On this Page

Snap type:

Parse

Description:

This Snap parses the incoming XML data into SnapLogic document objects.

Prerequisites:

[None]

Support:

Works in Ultra Task Pipelines.

Limitations

Mixed content such as below is not supported. XML data with mixed content may contain attributes, elements, and text.

<letter>
       Dear Mr. <name>John Smith</name>.
       Your order <orderid>1032</orderid>
       will be shipped on <shipdate>2001-07-13</shipdate>.
</letter>

Account:

Accounts are not used with this Snap.

Views:

Input

This Snap has exactly one binary input view.

Output

This Snap has exactly one document output view.

Error

This Snap has at most one document error view and produces zero or more documents in the view. If the Snap fails during the operation, an error document is sent to the error view containing the fields error, reason, original, resolution, and stacktrace:

{ 
error: "Failed to convert xml to json"
reason: "Unexpected character ..."
original:  {...} 
resolution: "Please check if the xml data is well formed"
stacktrace: "java.lang.RuntimeException:  ...
}

Settings

Label

Required. The name for the Snap. You can modify this to be more specific, especially if you have more than one of the same Snap in your pipeline.

Inbound Schema

XSD schema definition file url for the incoming data. The currently supported url protocols are SLDB, HDFS, S3.

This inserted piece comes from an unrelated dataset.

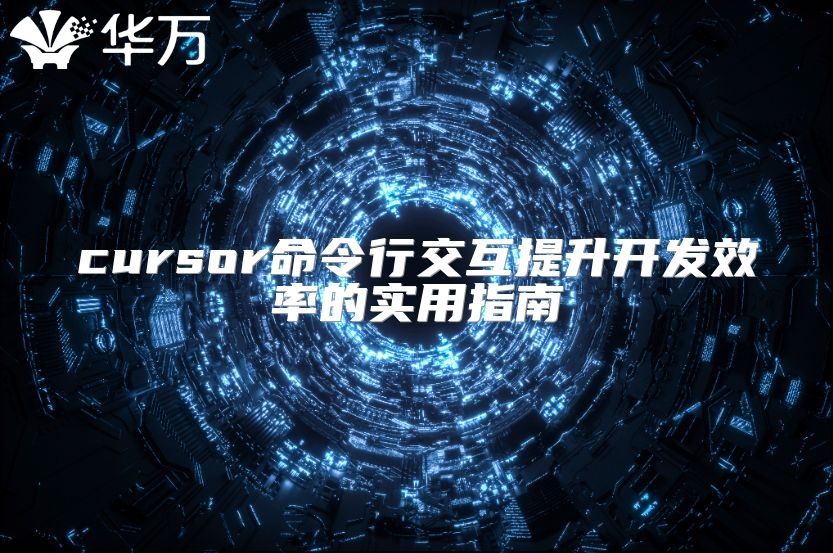 cursor命令行交互提升開發效率的實用指南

If you enter an Inbound schema, then you must select Validate XML and Match data types properties to derive the output as per the defined schema.

Example: sldb:///foo/bar/customer.xsd

Default value: [None]

Validate XML

Required. If selected, the incoming data will be validated against the provided XSD schema definition.

If you enter an Inbound schema, then you must select Validate XML and Match data types properties to derive the output as per the defined schema.

Example: False

Default value: False

Splitter

Splits the incoming XML document into multiple smaller documents using the XPath expression.

This expression must be of the form a/b/c/d or ns1:a/ns2:b/ns3:c/ns4:d where the prefixes ns1 to 4 can be the same or different.

Example 1: Splitter Expression without prefix

Default namespace can be accessed by giving a unique prefix in the splitter expression followed by a colon and the tag value. Provide its corresponding namespace value in the Prefix URI table.
To be on the safer side, make sure this prefix is not used in the XML before using it.

Splitter	breakfast_menu/food

If the XML data is of the form:

SnapLogic Documentation > XML Parser > XML Parser1(1).png

The output will be:

SnapLogic Documentation > XML Parser > XMLParser1_output.png

Example 2: Splitter Expression with prefix

For the Splitter expression: "d:catalog/d:book”, the output contains two output documents - one for each note tag in the XML file.
If the Splitter expression contains prefixes, they are to be defined in the Namespace Context so that the Snap can understand them.

Splitter	d:catalog/d:book

Prefix	URI
d	http://www.develop.com/student

SnapLogic Documentation > XML Parser > XMLParser2(1).png

In the Settings, enter d:catalog/d:book in the Splitter field and http://www.develop.com/student in URI field to get the output view containing the data with the prefix 'd'.

SnapLogic Documentation > XML Parser > XMLParser.jpg

The output view is:

SnapLogic Documentation > XML Parser > XMLParser2output.png

Default value: [None]

Namespace Context

optional

Namespace context for the expression provided in the Splitter property.

Namespaces are typically defined in the format of xmlns prefix:URI

Prefix

Prefixes included in the expression provided in the Splitter property.

URI

URIs associated with the prefixes.

Match data types

Specifies the values in the input document as specified in the Inbound schema property.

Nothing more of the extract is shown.